On March 17, the Parliament of Spain ratified the accession protocol for North Macedonia’s NATO membership bid. By doing so, Spain became the 29th and final member state to approve the protocol, thereby clearing the way for North Macedonia to finally enter the Alliance.
— Jens Stoltenberg (@jensstoltenberg) March 17, 2020
The path for North Macedonia toward NATO membership has been long and winding, marked by a particularly rancorous name dispute with neighboring Greece.
Following the breakup of the former Yugoslav Republic in the early 1990s, the newly independent nation occupied part of what is considered the greater Macedonia region, some of which extended into northern Greece. Greece took umbrage at the use of the name Macedonia and was also upset with the perceived Macedonian use of Hellenic names and symbols, particularly use of the “star of Vergina” in the Macedonian flag, which the Greeks viewed as incendiary. The Greek government believed that by calling the nation Macedonia, the new state was implying claims on the Greek territory of the same name.
From this point forward, Macedonia’s desire to be accepted into the NATO Alliance and European Union faced an immovable roadblock in Greece’s veto power in both entities. Membership in NATO must be unanimously approved by all partners, thus eliminating Macedonia’s chances without achieving a suitable compromise with Athens.
Having entered into NATO’s Partnership for Peace (PfP) in 1995 followed by formally initiating a membership path at the Washington Summit in 1999, Macedonia embarked on what it conceived as a logical step-by-step journey. That journey included former Soviet bloc states in Estonia, Latvia and Lithuania, as well as neighboring Albania and Croatia. Macedonia joined the latter two countries in signing the Adriatic Charter on May 2, 2003, an association under the guiding influence of the United States that aimed to improve NATO membership chances.

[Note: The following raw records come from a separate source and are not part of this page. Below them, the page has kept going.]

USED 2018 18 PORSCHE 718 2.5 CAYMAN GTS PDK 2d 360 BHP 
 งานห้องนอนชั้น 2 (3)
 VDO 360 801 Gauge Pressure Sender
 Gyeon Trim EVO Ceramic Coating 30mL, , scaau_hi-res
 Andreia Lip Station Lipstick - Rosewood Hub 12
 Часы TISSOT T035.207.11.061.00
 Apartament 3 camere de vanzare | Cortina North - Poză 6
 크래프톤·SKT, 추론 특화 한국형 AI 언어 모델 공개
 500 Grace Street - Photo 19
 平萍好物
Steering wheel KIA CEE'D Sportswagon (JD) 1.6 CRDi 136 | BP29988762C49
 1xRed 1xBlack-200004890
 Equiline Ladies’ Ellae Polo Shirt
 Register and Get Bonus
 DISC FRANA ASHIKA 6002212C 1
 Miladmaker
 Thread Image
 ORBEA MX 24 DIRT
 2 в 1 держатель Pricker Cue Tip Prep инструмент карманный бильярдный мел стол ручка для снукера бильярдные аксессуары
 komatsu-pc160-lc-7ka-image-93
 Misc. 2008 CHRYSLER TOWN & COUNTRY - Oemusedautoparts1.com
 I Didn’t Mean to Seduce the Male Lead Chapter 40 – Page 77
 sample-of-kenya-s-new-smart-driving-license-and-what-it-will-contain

A bitter blow came five years later when Skopje saw its invitation fall by the wayside at the April 2008 NATO summit in Bucharest due to the name dispute with Greece, while fellow Adriatic Charter members Albania and Croatia were both invited to join NATO (each officially entered the Alliance a year later).
The result did little to move the Macedonian and Greek governments toward a workable name compromise, and another 10 years came and went before the prime ministers of the two nations were able to reach an informal agreement on the newly revised name of North Macedonia in June 2018. The agreement required a national referendum in Macedonia, which was held on September 30, 2018, followed by ratification in Parliament less than a month later on October 19. An amendment to the Constitution changing the name was passed in Parliament on January 11, 2019, paving the way for the Greek Parliament to approve the so-called Lake Prespa agreement two weeks later on January 25.
The name change opened the way for the newly reminted North Macedonia to join NATO – and apply to join the European Union. The pathway for membership in the former is now clear, making it simply a matter of time before the number of NATO member states grows to 30.